Hmmmmm… sounds like in your case 400 miles makes all the difference.
There is no answer to a mystery.
What I would recommend is that you follow your heart on this one. My second piece of advice would be to keep your love life simple and clear. Love grows in the soil of clarity, authenticity and honesty. If you were to clearly disclose to MT what you have stated to me, an absolute stranger, this would be an example of you living a life with simplicity and clarity. If, however, you are holding some info back because you are worried about how she might react to it, you are beginning to build up a wall there — perhaps with both of them — and that will ultimately erode the free flow of love you can share with either of them.
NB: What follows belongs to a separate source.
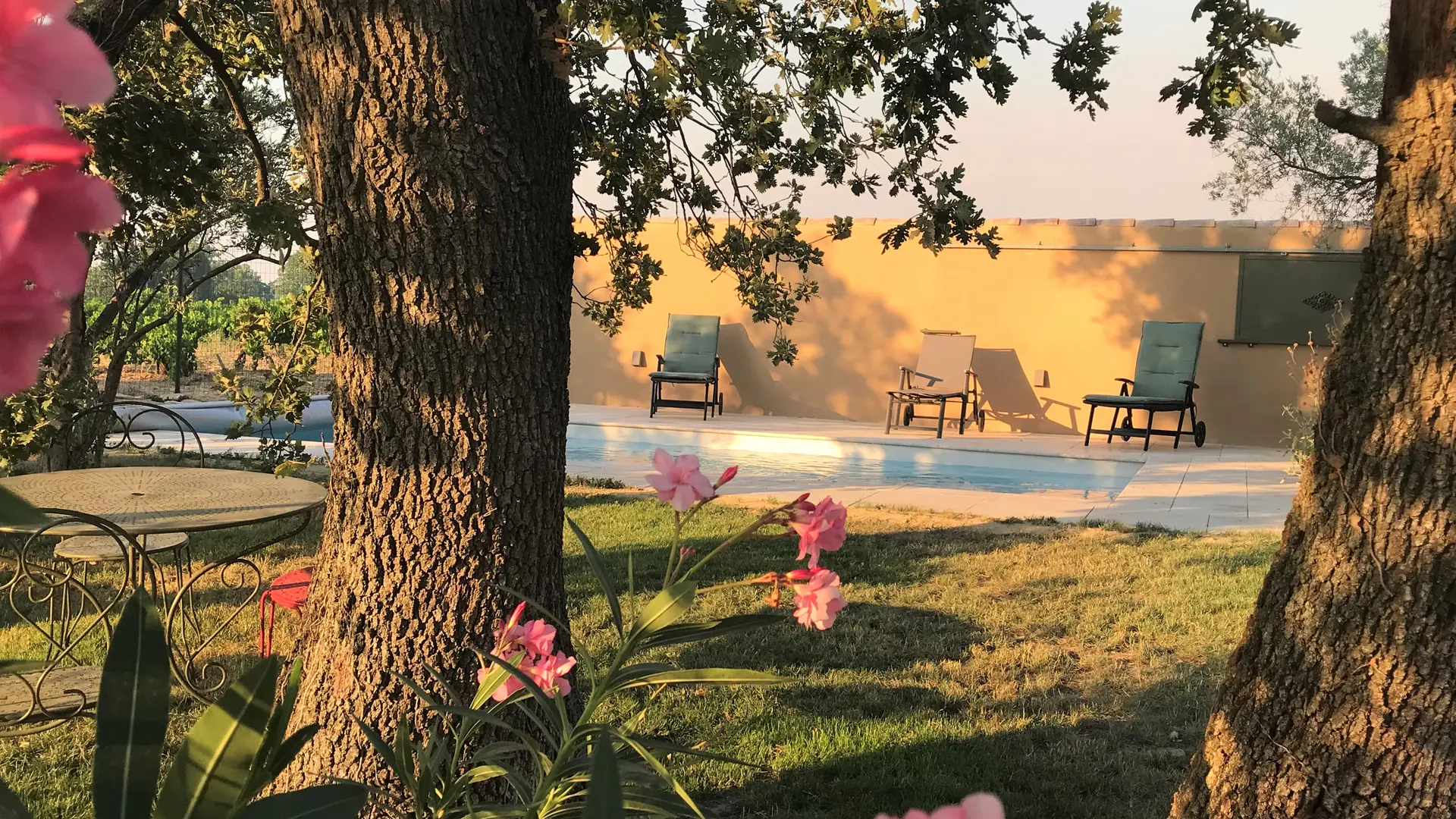 Le Clos - Courthézon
Lies — which includes withheld information (the sin of omission) — are like adding bad chemicals to the soil of relationships. Things tend not to grow in such soil. It burdens you with too much complexity. A split heart. A split life. Been there, done that, and it doesn’t work. But you find out….
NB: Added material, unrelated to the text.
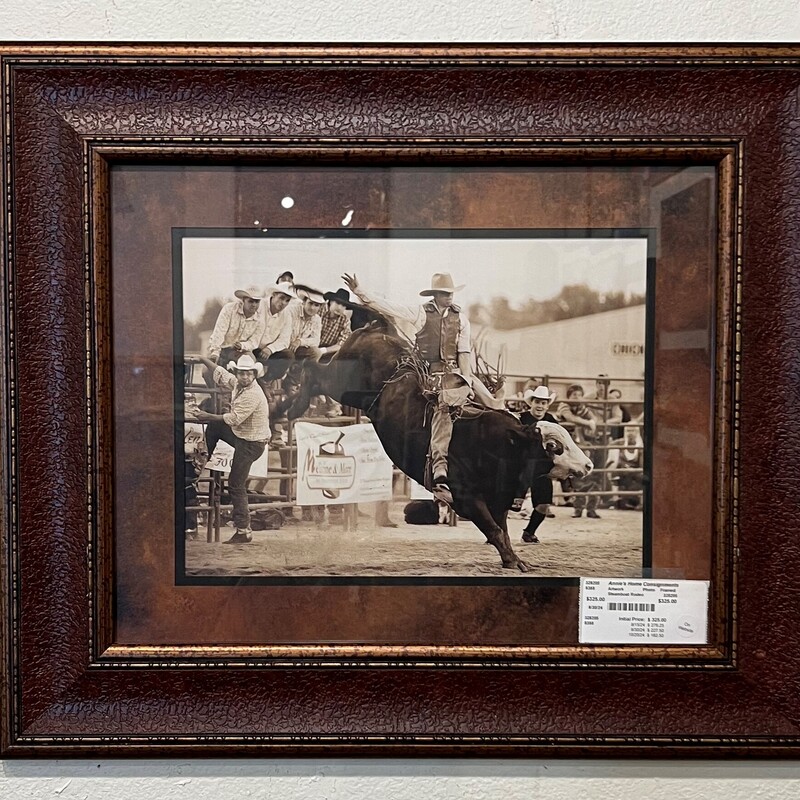 Steamboat Rodeo, Photo, Framed
27in x 24in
So my advice would be to make a choice of which one to go with — and go with that choice.
Your mind is telling you a lot of conflictual information and is making a List A vs. List B kind of thing. Your mind is probably not the most reliable source of self-advice on this thing. So as much as possible, let your thoughts on the matter go.
Your fears are also telling you alot of information about possible downsides of taking the bigger risk rather than going with the more certain thing. However, I gotta tell you that your fears are also coming from your mind. So you know my opinion on the reliability of that information.
Fact is, love is risk. It’s really that simple. Even if you were focused on just one relationship, at some point a sense of fear will come up. This is normal, natural, and, unfortunately, most people freeze and fail to move toward the fear. Moving toward the fear is kinda a sign that you are moving toward something that really matters. Perhaps fear is not a bad sign. Maybe it reads: “This way to what truly matters.”
Sure, you can fail, be abandoned, end up in flames and pain. But maybe not. Maybe you end up getting the love you truly want.
It’s your call. Safety (at least you think so) or Fear. Or both… maybe (probably not for long — women have a 6th sense about another woman in your life). I recommend you really listen to your heart’s deepest wishes (isn’t it telling you already?) and take the biggest risk.